My parents bought a home close to the New South Wales/Queenstown border in 2005 to be close to my brother, but sold it when he died and now live in New Zealand permanently. 

The wharf where I did my musing
They have not gone back to Australia to live, and nor have my sisters.

I suspect my sisters would regard themselves more as Kiwis today rather than Aussies, as they left Australia when they were still little.

When I returned to my parents' place on this trip, and visited the golf course restaurant for a second time where I met the chatty Polish host, it was my first to New Zealand in five years. 

I last saw S, the older of the two girls, on that earlier trip five years ago, but I had not seen the younger one, H, for 10 years. 

As I sat musing over the lake, I could have been looking at reflections of myself on that boat trip in the early 80s: a boy in his mid-teens who could not suspect that his family's life would remain entwined with the southern lakes district for decades to come.

Today, the elder of my two sisters has bought a second home in Wanaka, about 90min from Queenstown, where she hopes to move by the end of the year from her main home in Auckland.

View from my sister's home in Lake Wanaka

My other sister lives in nearby Dunedin, about 3.5 hours away, but takes regular skiing trips to this part of the South Island, which she knows well.

My family and I packed a lot into my 10-day stay. My sister H, who is big on fitness, took me down lengthy running tracks and on brisk mountain walks.
Sister H, Mum out for a walk

I tried out an e-bike for the first time on the hills around my sister S's place in Wanaka. We visited historic Arrowtown, and drove through the Millbrook golf course. 

We tried fishing for salmon at the lake-to-plate fishing restaurant Hook (no luck, unfortunately); and for a little quiet reflection headed to a beautiful pebble beach by Lake Hawea.

Sister H knows these stamping grounds well, providing a background commentary about friends she knows, places she goes when she's in town.

My parents have adapted well to the area since their move there full-time, as has my other sister S since she bought her home in Wanaka.

That leaves me the odd one out, as I asked myself that day on the wharf: so what is it about ski resort towns and spectacular mountain scenery that I don't like? -

Old clippings from my mystery box

"We have an old box of your things here which surfaced during our move."

That was my parents, on a recent Google Meet call, shortly before I travelled to see them in NZ.

An old box of fading papers which I had last rifled through 25 years ago, I suspect, when I first left NZ for my new life in Thailand.

I put a bunch of papers in a white stationery box and forgot about them.

When I was at their place in Jack's Point, I took a closer look.
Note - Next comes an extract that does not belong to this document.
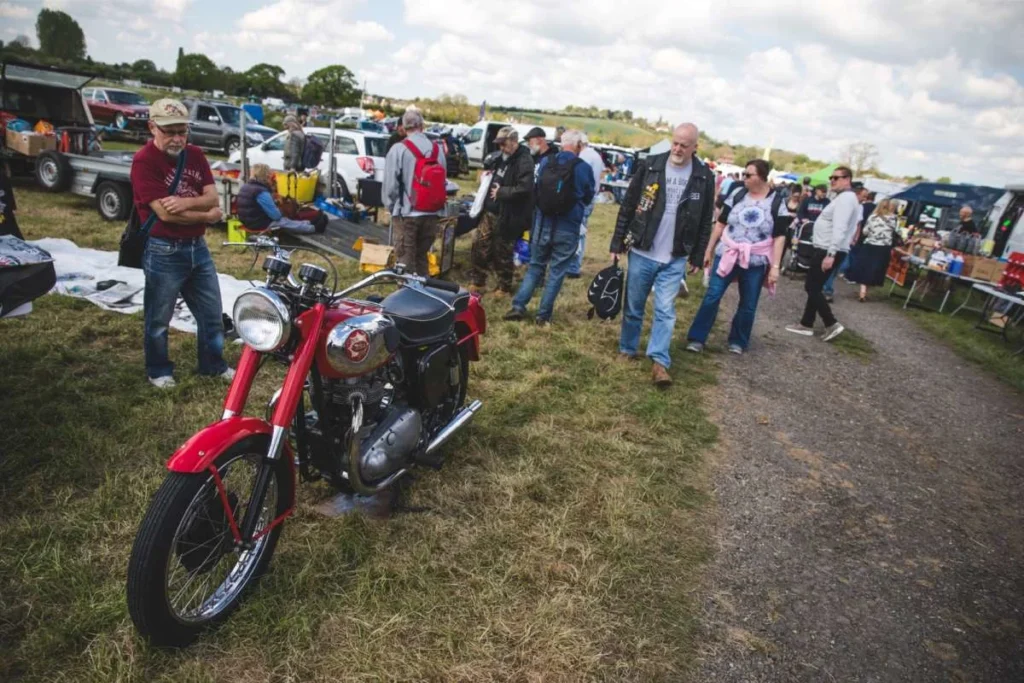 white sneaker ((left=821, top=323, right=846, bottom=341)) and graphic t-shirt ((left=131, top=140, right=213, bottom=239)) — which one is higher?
graphic t-shirt ((left=131, top=140, right=213, bottom=239))

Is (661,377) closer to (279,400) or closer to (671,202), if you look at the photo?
(671,202)

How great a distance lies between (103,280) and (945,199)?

The box contained old news clippings from my time as a reporter in Christchurch, some of which I can't recall ever writing.

I also found legal papers dating from my split with my former partner, and documents related to the sale of our house shortly before I left.

More interestingly, I unearthed old emails between her and her chat friends talking about her affair with the man who was to marry her.

They look tacky, even now, but I have taken pictures of a few of them to illustrate this post - for old time's sake!
A collection of awful chats...

I also found an old cartoon of me which the resident cartoonist at my last newspaper drew to accompany a feature story I wrote about a men's support group with whom I spent a challenging weekend on the outskirts of Christchurch.

I am reposting it here, partly because it's one of the few pieces I wrote for which I still have an online record (the others were clippings), and because the cartoon bears a good likeness to the hairy, bespectacled young guy I was back then.

As for the other stuff, those tatty memories can go back in the box for another 25 years!